Neural Networks (NN) provide a powerful method for machine learning training and inference. To effectively train, it is desirable for multiple parties to combine their data – however, doing so conflicts with data privacy. In this work, we provide novel three-party secure computation protocols for various NN building blocks such as matrix multiplication, convolutions, Rectified Linear Units, Maxpool, normalization and so on. This enables us to construct three-party secure protocols for training and inference of several NN architectures such that no single party learns any information about the data. Experimentally, we implement our system over Amazon EC2 servers in different settings. Our work advances the state-of-the-art of secure computation for neural networks in three ways:
1. Scalability: We are the first work to provide neural network training on Convolutional Neural Networks (CNNs) that have an accuracy of > 99% on the MNIST dataset;
2. Performance: For secure inference, our system outperforms prior 2 and 3-server works (SecureML, MiniONN, Chameleon, Gazelle) by 6×-113× (with larger gains obtained in more complex networks). Our total execution times are 2 − 4× faster than even just the online times of these works. For secure training, compared to the only prior work (SecureML) that considered a much smaller fully connected network, our protocols are 79× and 7× faster than their 2 and 3-server protocols. In the WAN setting, these improvements are more dramatic and we obtain an improvement of 553×!
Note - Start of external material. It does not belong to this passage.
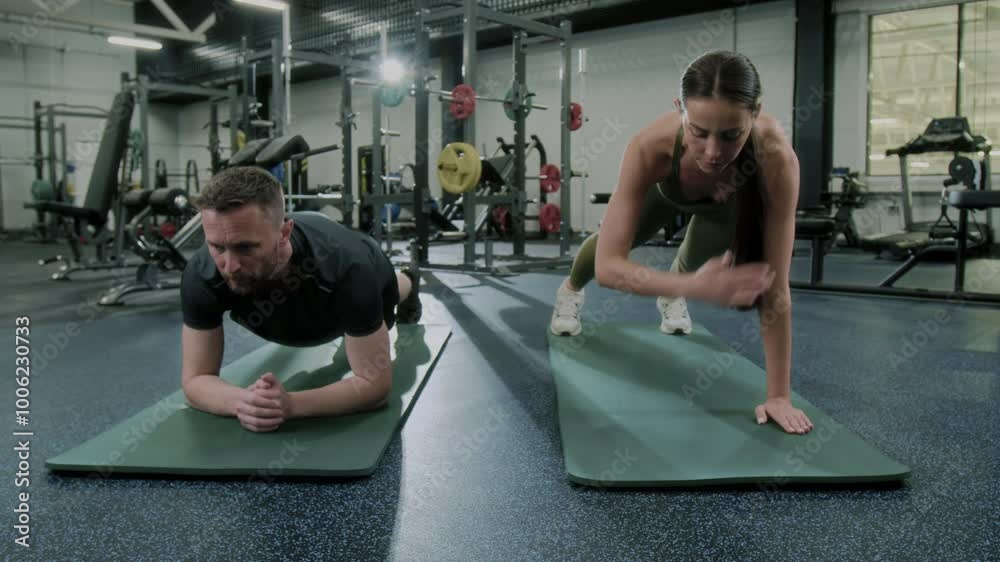 Woman performing plank with shoulder taps while man doing elbow plank hip dips on mats in gym during core and stability workout session Woman performing plank with shoulder taps while man doing elbow plank hip dips on mats in gym during core and stability workout session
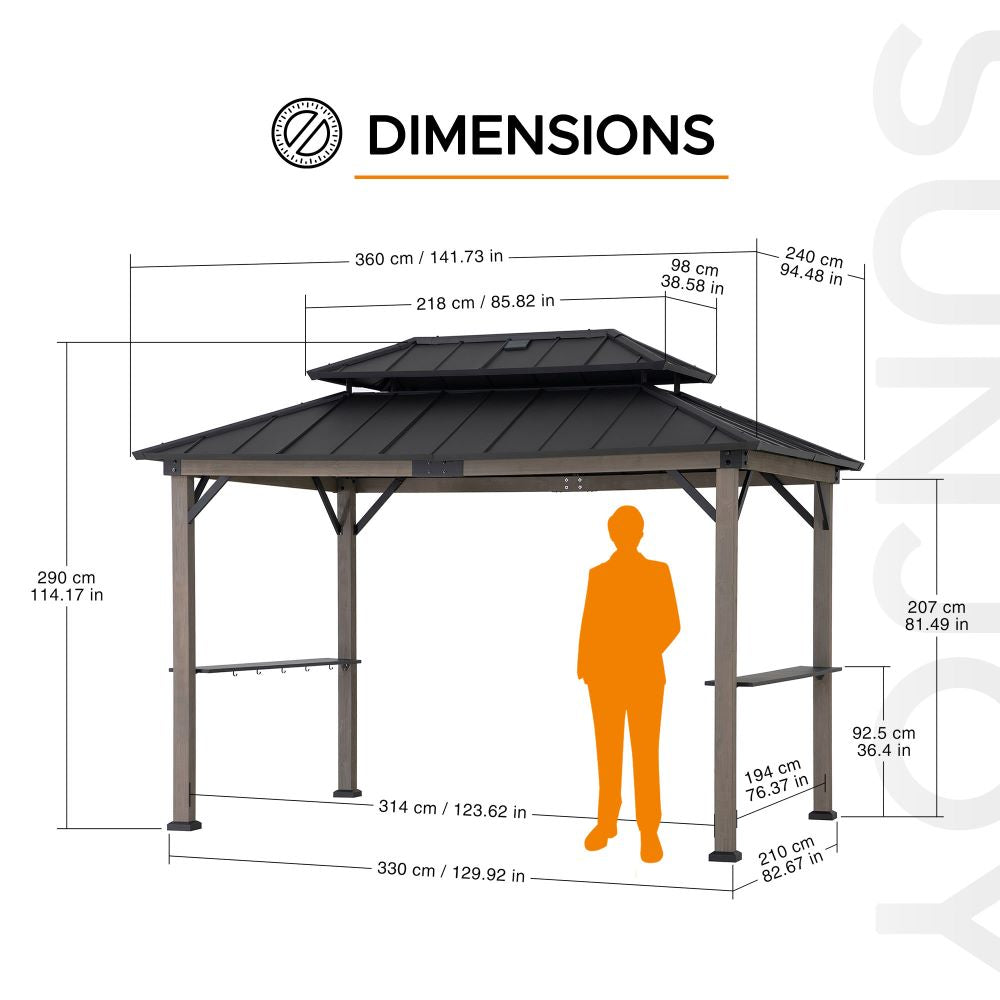 SUNJOY 8x12 Black Wood Grill Gazebo with Solar Power and Shelves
3. Security: Our protocols provide two kinds of security: full security (privacy and correctness) against one semi-honest corruption and the notion of privacy against one malicious corruption [Araki et al. CCS’16]. All prior works only provide semi-honest security and ours is the first system to provide any security against malicious adversaries for the secure computation of complex algorithms such as neural network inference and training.
Our gains come from a significant improvement in communication through the elimination of expensive garbled circuits and oblivious transfer protocols.